El árabe Toufick
Había llegado en tercera clase en un barco que tocó veinte puertos. Llegó del otro lado del mundo y no traía casi nada en la cartera de cuero que apretaba contra su pecho al comenzar a subir la ladera de la Montaña. Llegó una noche de tempestad, la noche que el saveiro de Jacques se fue a pique en la boca de la barra. Esa noche, mirando la ciudad extraña que tenía frente a él, lloraba. Venía de Arabia, de una aldea en medio del desierto. Había recorrido mares de arena para venir a ganarse la vida al otro lado de la tierra. Otros vinieron antes que él y tenían ahora bosques de olivos, lindas casas, eran ricos. Él vino también para eso. Partió de entre montañas, atravesó grandes arenales a lomo de camello, se metió en la tercera clase de un buque, pasó muchos días en el mar.
No había aún aprendido la lengua de la nueva tierra y ya vendía sombrillas, seda barata, carteras, a las sirvientas de las casas de Bahía. A poco se familiarizó con la ciudad, con el idioma, con las costumbres. Vivía en el barrio árabe de la Ladera do Pelourinho, de donde salía todas las mañanas con su cajón de mercachifle. Después mejoró de vida. Cuando conoció a F. Murad, el árabe más rico de la ciudad. La casa de F. Murad ocupaba casi una manzana de la calle Chile. Según rumores se enriqueció con el contrabando de seda. Muchos de sus propios compatriotas lo odiaban, porque decían que de él no se podía esperar ninguna ayuda. Pero la verdad era que F. Murad tenía una prolija información de sus compatriotas que vivían en Bahía y cuando alguno de ellos se revelaba como una persona que podía prestarle utilidad, lo empleaba en alguno de sus diversos negocios. Tiempo hacía que se interesaba por Toufick. Recibió una carta informándolo de los verdaderos motivos de la venida de Toufick. No era sólo para hacerse rico que vino. Abandonó su patria porque quiso ser olvidado por allá, detrás de él quedaba un rastro de sangre. Y F. Murad lo tenía en observación desde hacía meses, lo veía prosperar rápidamente, pudo ver que era un hombre de agallas capaz de cualquier negocio que le reportara beneficios. Y cuando lo creyó oportuno lo llamó y lo colocó en uno de sus negocios de mayor rendimiento. Ahora era Toufick que trataba directamente con los despenseros de a bordo, con los comandantes de los buques, con los pilotos, para todos los cargamentos de sedas que eludían los impuestos. Y se reveló habilísimo, nunca estos negocios estuvieron tan bien manejados.

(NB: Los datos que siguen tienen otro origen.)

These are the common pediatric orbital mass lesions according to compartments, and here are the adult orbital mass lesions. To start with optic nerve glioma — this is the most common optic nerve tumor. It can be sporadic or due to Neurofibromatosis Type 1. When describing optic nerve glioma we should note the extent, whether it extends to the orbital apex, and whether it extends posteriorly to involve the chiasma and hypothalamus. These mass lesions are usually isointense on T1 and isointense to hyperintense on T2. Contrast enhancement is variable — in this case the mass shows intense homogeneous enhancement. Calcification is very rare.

Dentro de algunos años Toufick podría regresar a la patria de montañas entre arenas, borrando su deuda de sangre, y plantar por su cuenta un monte de olivos.
Toufick conocía el muelle como pocos. Los patrones de saveiros le eran familiares, sabía el nombre de todos los barcos, aunque los pronunciaba en su lengua pintoresca. Javier, el patrón del «Caburé», trabajaba para él. Y si Javier no se había hecho ya rico, era porque vivía a disgusto y su dinero apenas le alcanzaba para beber en el «Farol de las Estrellas» y jugar en las ruletas clandestinas de la ciudad alta. Era el «Caburé» el que iba a recibir en el secreto de la noche los cargamentos de seda que traían los buques y el que los transportaba hacia sitios poco conocidos. Y Toufick, de tanto acompañar en estos viajes, ya era un verdadero patrón de saveiro. Por lo menos oía encantado las canciones que en la noche cantaba el soldado Jeremías en el viejo fuerte. Y una noche de cerrazón cantó en su lengua una canción del mar que oyera cantar en su patria a los marineros el día que se embarcó para América. Era una extraña melodía en medio de la cerrazón de la noche. Pero las canciones de los marineros, por más distintas que sean en su letra o en su música, siempre hablan de amor y de muerte en el mar. Por eso todos los marineros las comprenden, aunque las cante un árabe de las montañas y vengan de un sucio puerto de Asia.